EPA Set to Give Ethanol a Big Boost?
by Capitol ConfidentialIn the midst of a drive by Washington’s powerful ethanol lobby to expand what critics often deride as an artificially created, and government aided and promoted market for “fuel made from food,” the top administrator from the Environmental Protection Agency (EPA) Wednesday testified before the Senate Interior and Environment Appropriations Subcommittee, telling lawmakers the agency will make a final determination late summer on allowing higher levels of ethanol to be blended into gasoline.

The ethanol industry is currently petitioning the EPA for a waiver to increase ethanol blends in gasoline from 10 percent to 15 percent, in order to create a larger market–and artificial demand–for the fuel source.

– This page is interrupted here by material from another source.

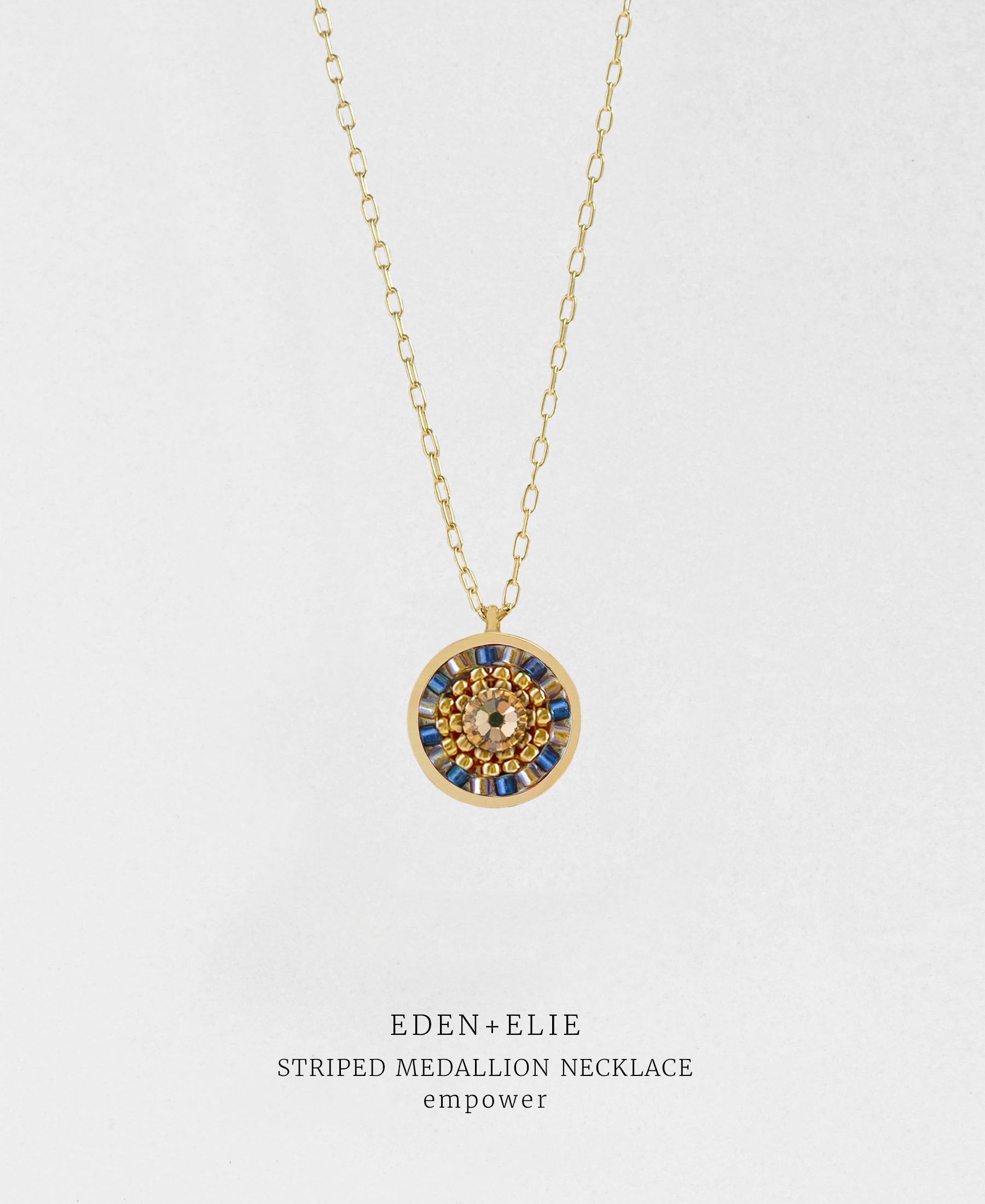 EDEN + ELIE Striped Medallion necklace - Empower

Administrator Lisa Jackson said the agency’s decision awaits completion of Department of Energy (DOE) tests on ethanol—namely, how higher ethanol blends might adversely affect vehicle engines, a long-running concern of automakers and the marine leisure industry, among others—which she expects to receive by May. “We expect that once we get that additional data, and it will be publicly available, the EPA will be in a position to move toward a final decision on the waiver, late summer in the time period,” Jackson said in response to a line of questioning by ethanol booster Senator Ben Nelson of Nebraska.